Essa avaliação não é absolutamente objetiva, mas se trilha
por esses pontos. E se o paciente não for elegível para acompanhamento pelo
CAPS, deve se proceder seu encaminhamento para outro serviço da rede de saúde
mental.
Em relação ao risco autolesivo devemos avaliar, no
acolhimento do paciente, se existe ideação suicida, assim como a sua
intensidade. Devemos então perguntar se o paciente tem pensado em morrer, e não
basta que ele diga que sim, para que isso seja classificado como ideação
suicida.
Alguém que somente diz que muitas vezes tem o desejo de
“sumir”, de “desaparecer”, não é necessariamente alguém que esteja planejando
cometer suicídio. Em termos de nível de ideação suicida, querer “desaparecer” é
o que existe de mais leve na escala.
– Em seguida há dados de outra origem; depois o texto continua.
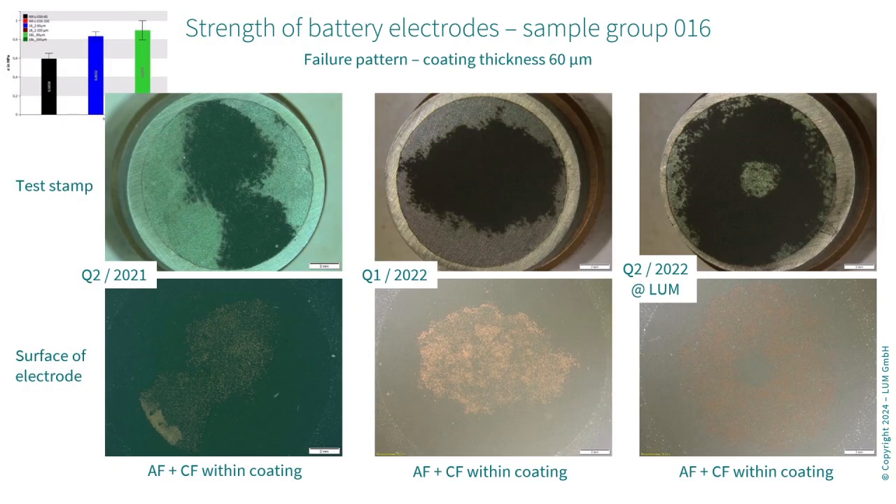Here the failure pattern changed slightly for the lower values. We had more adhesive failure of the adhesive tape to the coating system, and we could turn that into a large-scale cohesive failure within the coating system. Cut technology enabled us to see that increase in the strength values.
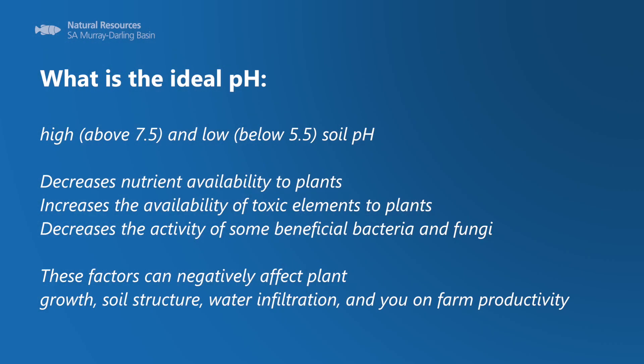If your soil pH is low or acidic, then it can be easily rectified by adding lime. By some quick calculations, you can work out how much lime to apply and when. And over a couple of years, you can start to change that soil pH and raise it up towards 7.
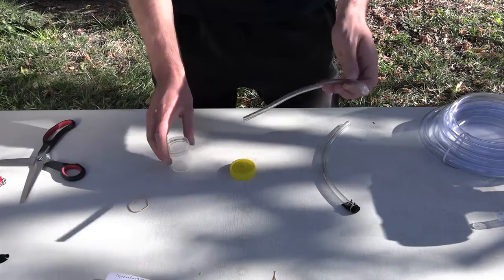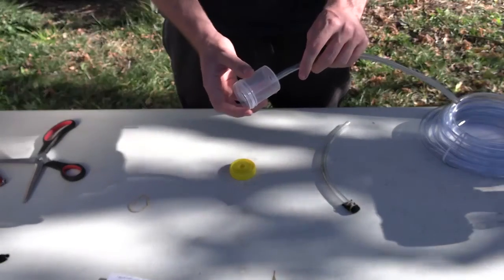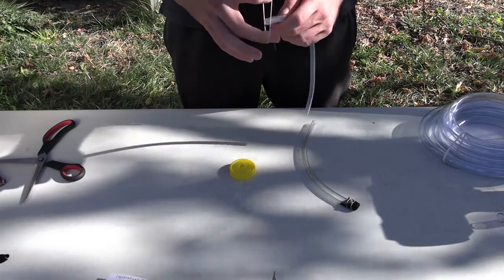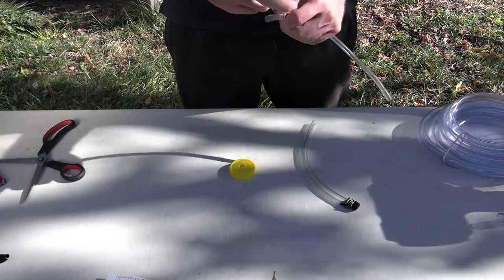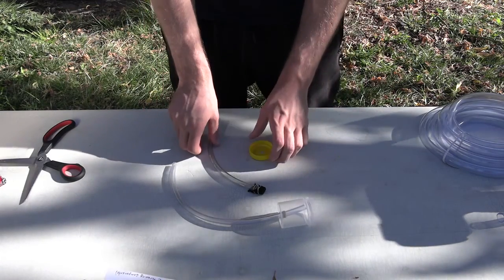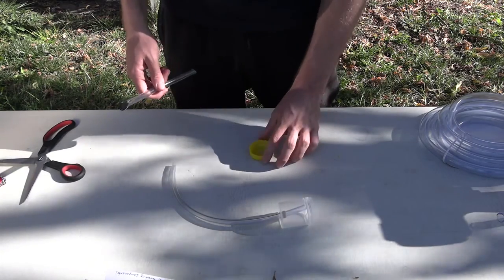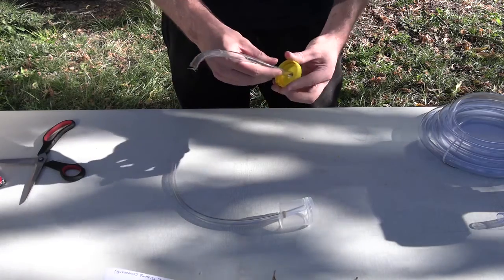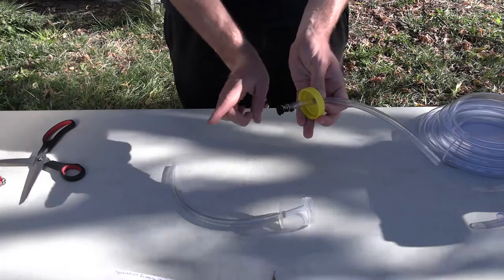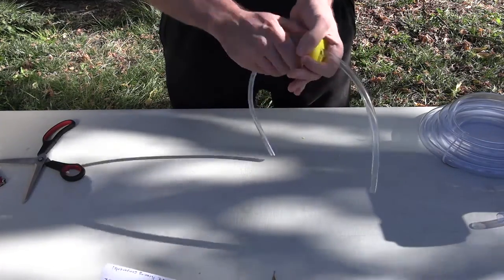First we're going to grab the bit of piping that doesn't have any cover on the ends and put that in the container section like so. This one's a little bit loose, so we're going to tie a rubber band around the inside so it doesn't slip. Now we're going to assemble the lid — grab the bit of piping that has the cover on one end and place it through the lid. Make sure that the covered bit is on the inside of the lid. Now we're going to screw the container together and there we go.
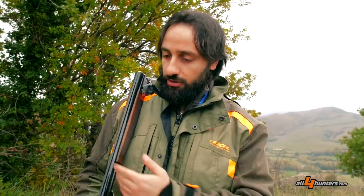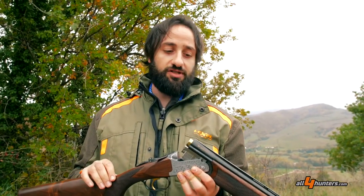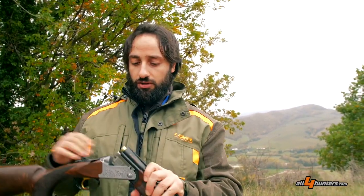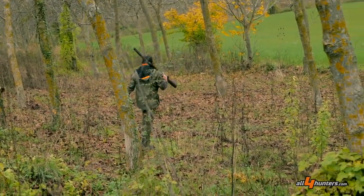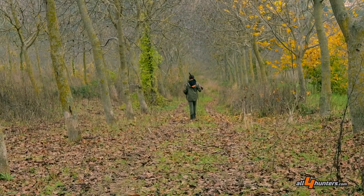Il peso del sovrapposto Fire Anniversario resta nello standard: siamo intorno ai 2 kg 8 per il calibro 20, che sfiorano i 3 kg nel calibro 12, considerati con la lunghezza di canne da 71 cm. Un peso che rende l'arma non una super leggera ma stabile, soprattutto nel doppiaggio dei colpi; non è comunque un peso che affatica il cammino nella caccia vagante.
Querer morrer, estar pensando em se
morrer, estar pensando em se matar, estar planejando fazer isso, ter acesso a
meios, e ter acesso a meios mais letais é uma configuração mais adequada de um
possível escala de ideação suicida, que se estende gradualmente de sintomas
leves a graves. E é assim que deve ser minimamente avaliada a ideação suicida e
seu nível de gravidade.
Em minha experiência, no SUS, não tive porém contato com
suicidas, com ideações suicidas, somente no CAPS. Na UTI também acompanhei
pacientes que haviam tentado o suicídio. E, como já devo ter mencionado, minha
atuação, durante seis anos, foi concomitante, tanto no CAPS quanto na UTI. Em metade
de minha carga horária eu atuava no CAPS e a outra metade se dava na UTI.
A maioria dos casos que acompanhei era de mulheres que
haviam tentado morrer por meio da ingestão de medicamentos. Dois casos, porém,
de tentativas cometidas por dois homens, foram os que mais me marcaram, em
função dos meios utilizados e das consequências.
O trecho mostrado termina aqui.